In 2011 I started dating a wonderful man that I now get to call my husband. He's a saint! He cares for us the way a father and a husband should care for his family and I count myself blessed to have him in our lives.
Today I took my oldest son shopping for some new jeans. He's growing like crazy and only has a few pair that fit him. I was driving home and reflecting on how much my life has changed in a matter of 8 years. Those years of struggle and wondering how I was going pay the house payment or the electric bill were fundamental years of my life, they were fundamental to my faith. If I had not have faced these struggles, I probably would not be able to recognize Gods grace and mercy nearly as well. There's a song sang by the Gaithers called "Go Ask", my favorite part of the song says:
"Go ask the the one who's fears have fled, whose churning heart was quieted, when someone whispered peace to all her strife"
Through my husband, God did calm many of my fears and he quieted my worried heart. We are not extravagant people, by no means rich. I drive a tired, 10 year old minivan but it gets us where we need to go. We live in an old house that could use new siding and windows, but it's home and I can't imagine living anywhere else with anyone else. When I married my husband it was as though a huge weight was lifted off my shoulders. As If God had picked it up and I was able to breath again. Not just a financial weight but the fear of my children growing up without a stable father figure.
Sometimes the world weighs on us and it's so very important that through these trials and tough times we trust in God. It's the most difficult time to put our faith in Him because often, during these times, there doesn't seem to be a way out. Like its never going to end, but God has a way of using those desperate times for His good, His grace always pulls us through. It's like winter, if you don't go through a cold a dreary winter I don't think you can appreciate the beauty of a spring day as much. (If you live in Wisconsin you can relate to this!) I think we all have our own weights, and when old ones are lifted new ones come. It's important to take these to God and try our best to leave them with him. Even though His grace has been displayed to me in undeniable ways, I still struggle to leave my cares with Him (I'm human) but the key is to recognize our fears, our trials, our struggles, and do our best to lay them at His feet. This in itself will build our relationship with Him, to trust Him more and more every day.
"Dear friends, do not be surprised at the painful trial you are suffering, as though something strange were happening to you. But rejoice that you participate in the sufferings of Christ, so that you may be overjoyed when his glory is revealed."1Pet 4:12-13 (NIV)
we have walked a bit of this together. Eight years, it hardly feels like it. God has done so much and my gratitude still feels brand new.
How perfectly you have put this into words.

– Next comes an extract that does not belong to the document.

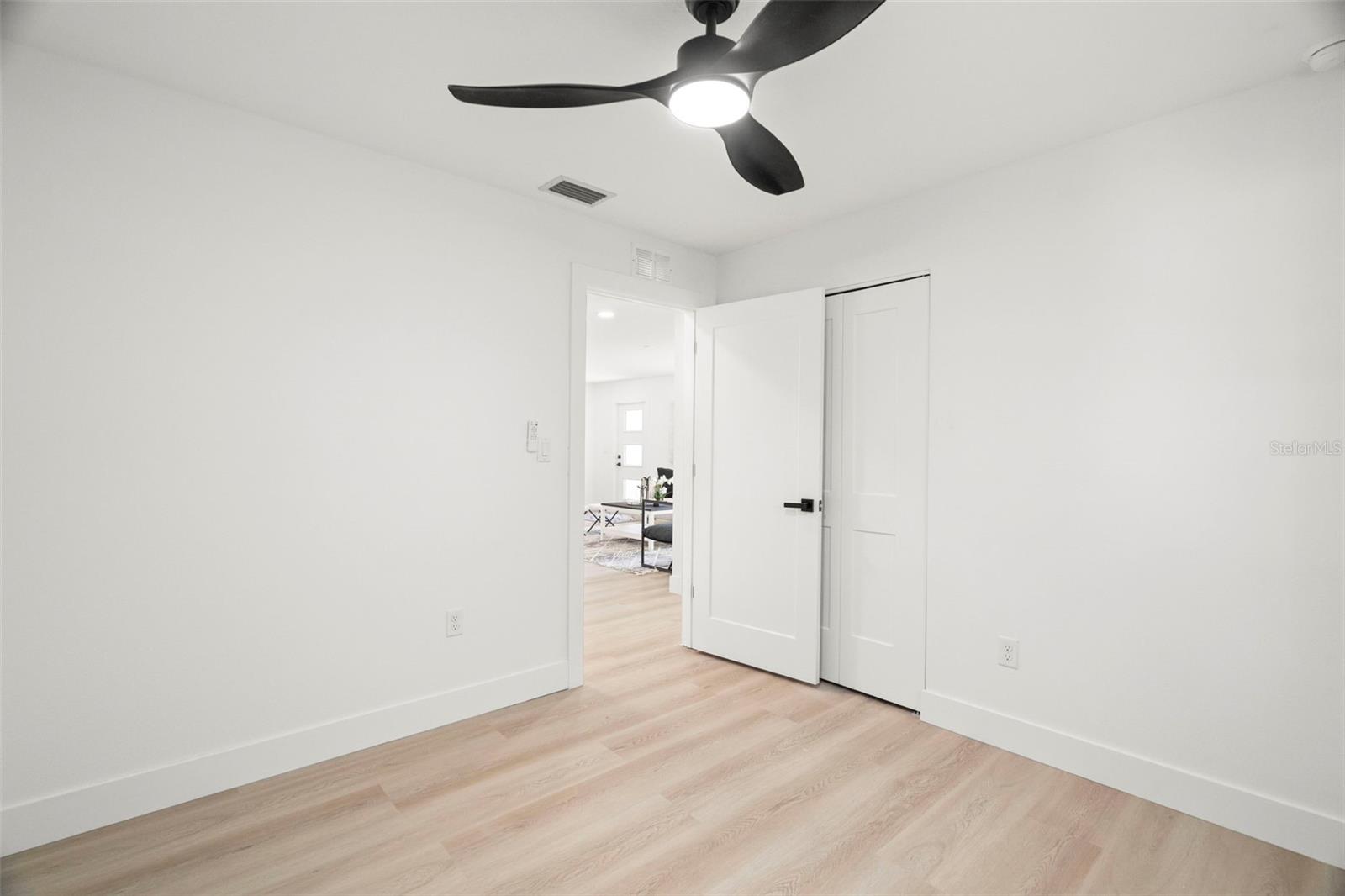 Image 18 of 53 For 7211 Orpine Drive N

I live next door in MN so I can relate to your analogy of winter. I think few people in the world appreciate spring quite like those of us in the Upper Midwest or other places in the world where it is not the least bit unusual to spend much of your winter down in the deep freeze.
"Even though His grace has been displayed to me in undeniable ways, I still struggle to leave my cares with Him (I'm human) but the key is to recognize our fears, our trials, our struggles, and that we do our best to lay them at His feet. This in itself will build our relationship with Him, to trust Him more and more every day."
Wonderful story rich with trust in God and grace from Him and you. Thank you for exemplifying courage I so often lack and need through God. Your blog and life truly bless beyond borders of WI!